Mikhail Mozer
- Mozer in 1959
- Country (sports): Soviet Union
- Born: 22 June 1935 Mukačevo, Czechoslovakia
- Died: 28 October 1993 (aged 58)

Singles

Grand Slam singles results
- French Open: 1R (1960)
- Wimbledon: 1R (1960, 1963)

= Mikhail Mozer =

Soviet-Ukrainian tennis player (1935–1993)

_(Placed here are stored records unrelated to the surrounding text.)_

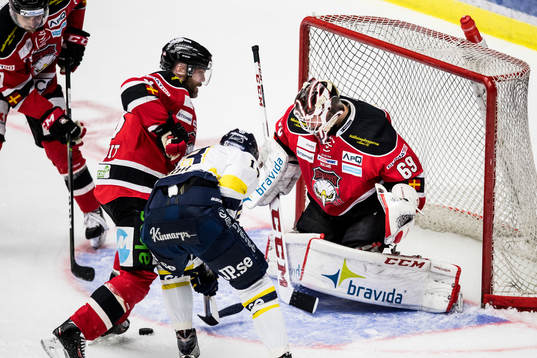 s Oscar Sundh oroar framför Malmö Redhawks målvakt Oscar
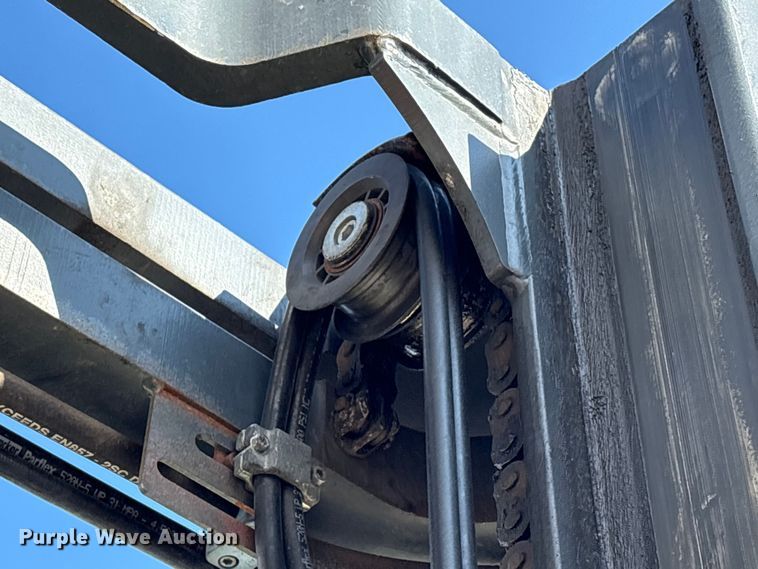 image for item EU7087 2017 Combilift CB8000 forklift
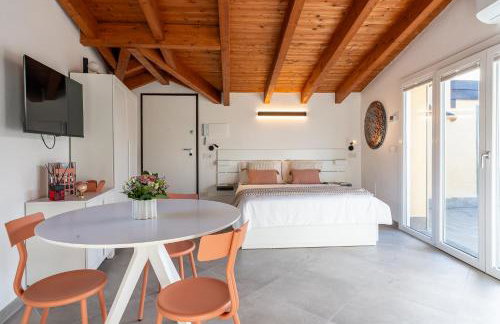 Loft Park & Rail free Parking - Photo 8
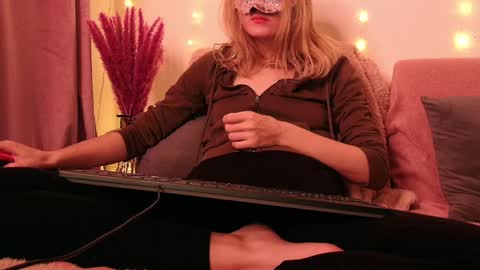 Snapshot of secretanni chatting on 12/23/24, 10:33 Anni online show from 12/23/24, 10:33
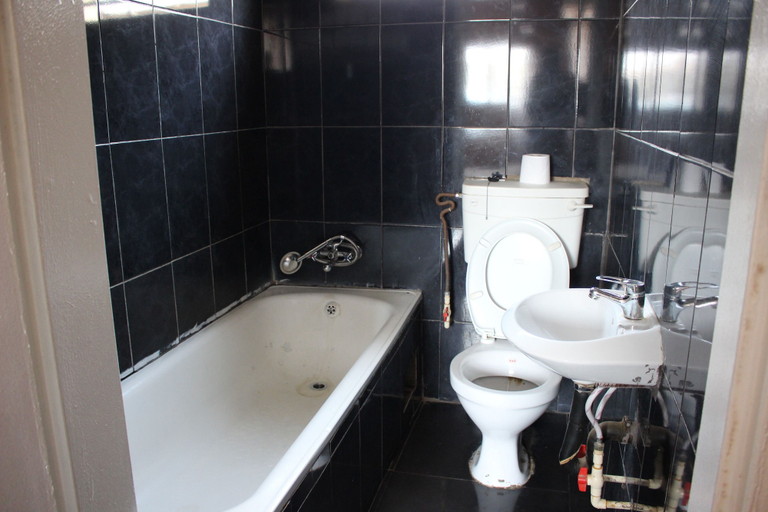 Bathroom 3, Libala South Executive Lodge, Lusaka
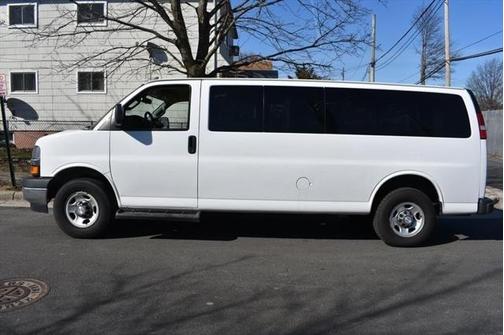 2022 Chevrolet Express 3500 RWD 3500 Extended Wheelbase LS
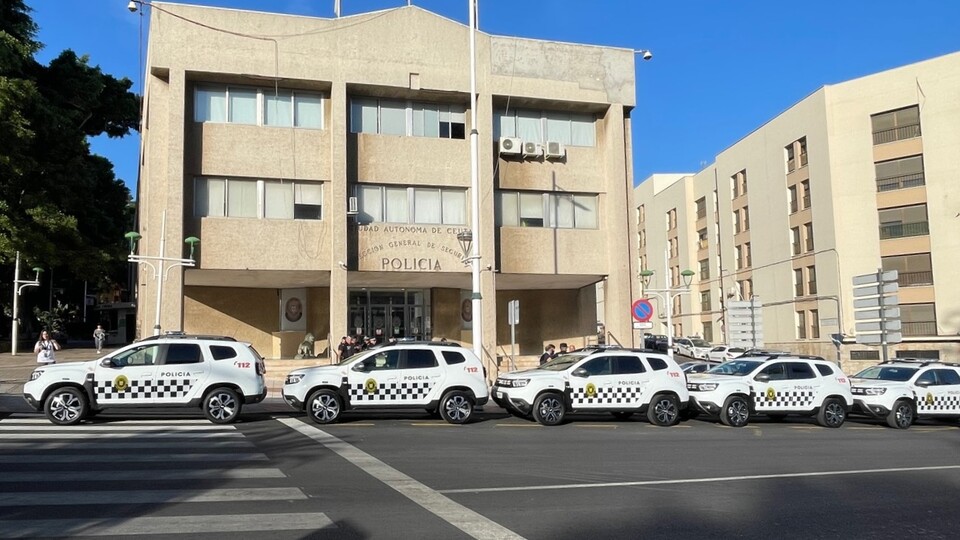 Nuevos coches patrulla de la Policía local / Gobernación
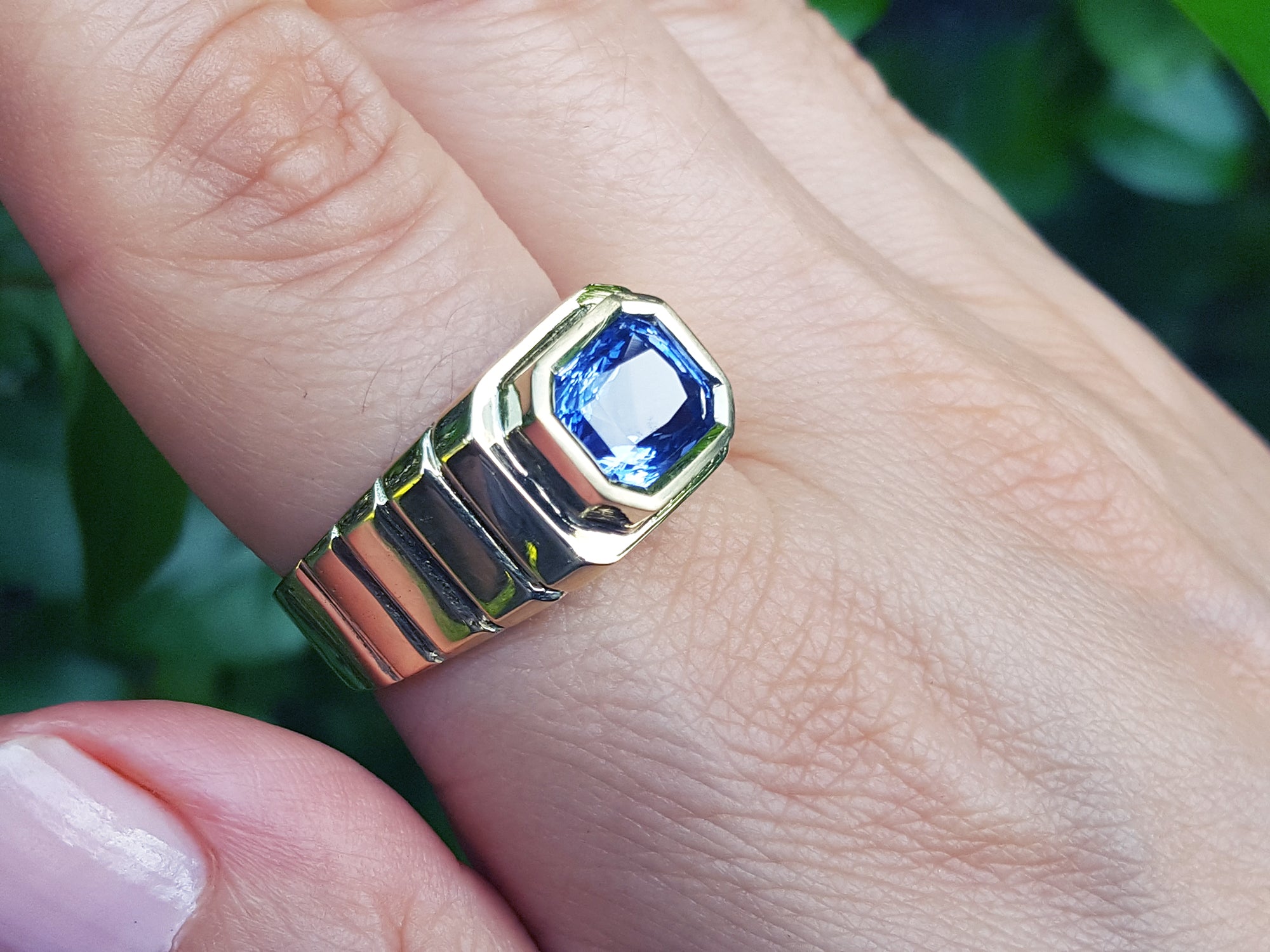 Genuine sapphire ring for man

Mikhail Ivanovich Mozer (Михаил Иванович Мозер; 22 June 1935 - 28 October 1993) was a Ukrainian tennis player who competed for the Soviet Union.

==Career==
Mozer won the Soviet Championships in both 1959 and 1960. He was unbeaten in Davis Cup competition, winning all four of his singles rubbers, which were all played in 1963 ties, against Finland and Chile. The Ukrainian twice competed at Wimbledon. In the 1960 tournament he lost a five set opening round match to Jiří Javorský and at the same event three years later he again exited in the first round, losing to Rafael Osuna. His only other appearance in a Grand Slam tournament was at the 1960 French Championships, where he was unable to get past Ingo Buding in the opening round.

His daughter is Russian pair skating coach Nina Mozer.